DocsTensor
Tensor API Reference
The Tensor class is the fundamental data structure in cyxwiz-backend, providing GPU-accelerated multi-dimensional array operations powered by ArrayFire.
Data Types
| Type | Description |
|---|---|
| Float16 | Half precision |
| Float32 | Single precision (default) |
| Float64 | Double precision |
| Int8/Int16/Int32/Int64 | Integer types |
| Bool | Boolean |
Factory Functions
// Zeros Tensor Zeros(const std::vector<int>& shape, DataType dtype = DataType::Float32); // Ones Tensor Ones(const std::vector<int>& shape, DataType dtype = DataType::Float32); // Random uniform [0, 1) Tensor Rand(const std::vector<int>& shape, DataType dtype = DataType::Float32); // Random normal (mean=0, std=1) Tensor Randn(const std::vector<int>& shape, DataType dtype = DataType::Float32); // Range Tensor Arange(float start, float end, float step = 1.0f); // Linspace Tensor Linspace(float start, float end, int num); // Identity matrix Tensor Eye(int n, DataType dtype = DataType::Float32); // Full with value Tensor Full(const std::vector<int>& shape, float value, DataType dtype = DataType::Float32);
Basic Operations
#include <cyxwiz/tensor.h>
using namespace cyxwiz;
// Create tensors
Tensor a = Randn({100, 50});
Tensor b = Randn({50, 30});
// Matrix multiplication
Tensor c = a.MatMul(b); // Shape: (100, 30)
// Element-wise operations
Tensor d = a * 2.0f + 1.0f;
// Reductions
Tensor sum = a.Sum(); // Scalar
Tensor col_sum = a.Sum(0); // Sum along dim 0, shape: (50,)
Tensor row_sum = a.Sum(1); // Sum along dim 1, shape: (100,)
// Statistics
Tensor mean = a.Mean();
Tensor max_val = a.Max();
Tensor min_val = a.Min();Shape Manipulation
Tensor t = Randn({2, 3, 4, 5});
// Reshape
Tensor reshaped = t.Reshape({6, 20});
// Flatten
Tensor flat = t.Flatten(); // Shape: (120,)
// Transpose
Tensor transposed = t.Transpose(-2, -1); // Swap last two dims
// Permute
Tensor permuted = t.Permute({0, 2, 1, 3}); // Reorder dimensions
// Squeeze/Unsqueeze
Tensor squeezed = Randn({1, 10, 1}).Squeeze(); // Shape: (10,)

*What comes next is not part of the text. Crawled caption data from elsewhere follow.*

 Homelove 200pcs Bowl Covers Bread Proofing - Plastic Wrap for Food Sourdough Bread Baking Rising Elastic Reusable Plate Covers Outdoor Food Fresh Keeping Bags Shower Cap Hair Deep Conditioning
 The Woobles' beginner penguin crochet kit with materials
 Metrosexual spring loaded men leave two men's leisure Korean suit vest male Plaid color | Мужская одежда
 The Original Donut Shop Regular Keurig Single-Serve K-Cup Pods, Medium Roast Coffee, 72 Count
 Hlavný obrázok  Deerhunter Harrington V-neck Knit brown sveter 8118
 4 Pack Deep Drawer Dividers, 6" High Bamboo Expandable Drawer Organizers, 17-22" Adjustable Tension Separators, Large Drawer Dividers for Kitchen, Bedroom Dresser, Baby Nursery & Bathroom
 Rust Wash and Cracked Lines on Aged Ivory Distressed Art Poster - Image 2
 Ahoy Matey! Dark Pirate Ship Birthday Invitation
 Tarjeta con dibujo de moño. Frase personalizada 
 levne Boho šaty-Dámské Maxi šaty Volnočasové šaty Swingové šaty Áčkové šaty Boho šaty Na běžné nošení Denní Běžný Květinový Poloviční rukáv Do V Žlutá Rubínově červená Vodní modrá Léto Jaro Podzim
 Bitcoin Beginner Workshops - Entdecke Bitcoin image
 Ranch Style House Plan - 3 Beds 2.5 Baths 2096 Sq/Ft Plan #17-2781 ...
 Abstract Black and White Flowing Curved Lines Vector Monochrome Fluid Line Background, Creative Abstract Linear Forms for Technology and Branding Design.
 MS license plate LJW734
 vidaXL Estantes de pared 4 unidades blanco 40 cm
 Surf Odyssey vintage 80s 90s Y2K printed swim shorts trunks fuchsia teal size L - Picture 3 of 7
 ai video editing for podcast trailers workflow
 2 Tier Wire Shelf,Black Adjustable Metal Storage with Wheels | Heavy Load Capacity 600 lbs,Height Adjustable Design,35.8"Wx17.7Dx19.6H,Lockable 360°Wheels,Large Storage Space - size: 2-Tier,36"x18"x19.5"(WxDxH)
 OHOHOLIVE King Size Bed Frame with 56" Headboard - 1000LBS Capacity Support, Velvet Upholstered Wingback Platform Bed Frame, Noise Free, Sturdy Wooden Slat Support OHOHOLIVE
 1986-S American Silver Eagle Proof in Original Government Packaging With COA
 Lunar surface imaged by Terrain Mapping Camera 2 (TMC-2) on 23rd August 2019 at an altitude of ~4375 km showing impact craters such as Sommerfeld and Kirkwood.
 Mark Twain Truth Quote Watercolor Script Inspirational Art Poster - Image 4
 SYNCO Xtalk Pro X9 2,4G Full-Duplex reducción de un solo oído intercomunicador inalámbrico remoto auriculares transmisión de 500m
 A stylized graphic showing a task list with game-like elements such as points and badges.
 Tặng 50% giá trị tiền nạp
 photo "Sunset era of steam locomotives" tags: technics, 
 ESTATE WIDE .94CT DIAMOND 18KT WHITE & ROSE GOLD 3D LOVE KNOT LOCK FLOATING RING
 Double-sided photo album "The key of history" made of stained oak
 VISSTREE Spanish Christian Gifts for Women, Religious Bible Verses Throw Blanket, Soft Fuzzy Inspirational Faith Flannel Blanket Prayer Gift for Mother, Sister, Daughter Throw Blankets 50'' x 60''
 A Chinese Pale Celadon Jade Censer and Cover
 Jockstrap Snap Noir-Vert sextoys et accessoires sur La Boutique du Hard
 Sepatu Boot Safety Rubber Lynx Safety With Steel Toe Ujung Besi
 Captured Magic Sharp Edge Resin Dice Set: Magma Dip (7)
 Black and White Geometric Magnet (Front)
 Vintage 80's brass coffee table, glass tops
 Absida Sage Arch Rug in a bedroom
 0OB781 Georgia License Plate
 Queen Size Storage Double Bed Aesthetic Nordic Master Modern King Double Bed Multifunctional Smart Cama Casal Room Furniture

Tensor unsqueezed = Randn({10}).Unsqueeze(0); // Shape: (1, 10)Indexing and Slicing
Tensor t = Randn({10, 20, 30});
// Single index
Tensor first = t[0]; // Shape: (20, 30)
// Slice
Tensor sliced = t.Slice(0, 2, 5); // t[2:5, :, :], shape: (3, 20, 30)
// Multiple slices
Tensor multi = t.Slice(0, 0, 5).Slice(1, 10, 15); // t[0:5, 10:15, :]Device Management
// Create on default device
Tensor cpu_tensor = Randn({1000, 1000});
// Move to GPU
Tensor gpu_tensor = cpu_tensor.ToGPU();
// Move back to CPU
Tensor back_to_cpu = gpu_tensor.ToCPU();
// Check device
if (gpu_tensor.IsOnGPU()) {
std::cout << "Tensor is on GPU" << std::endl;
}
// Explicit device
Tensor cuda_tensor = cpu_tensor.ToDevice(DeviceType::CUDA);Gradient Computation
// Create tensor with gradient tracking
Tensor x = Randn({10, 5});
x.RequiresGrad(true);
// Forward pass
Tensor y = x.MatMul(Randn({5, 3}));
Tensor loss = y.Sum();
// Backward pass
loss.Backward();
// Access gradient
Tensor grad = x.Grad();
// Zero gradients
x.ZeroGrad();
// Detach from computation graph
Tensor detached = y.Detach();Broadcasting Rules
CyxWiz follows NumPy/PyTorch broadcasting rules:
- If tensors have different numbers of dimensions, prepend 1s to smaller tensor's shape
- Dimensions are compatible if they are equal or one of them is 1
- The output shape is the maximum of each dimension
Tensor a({3, 4, 5});
Tensor b({4, 5}); // Broadcasts to (1, 4, 5)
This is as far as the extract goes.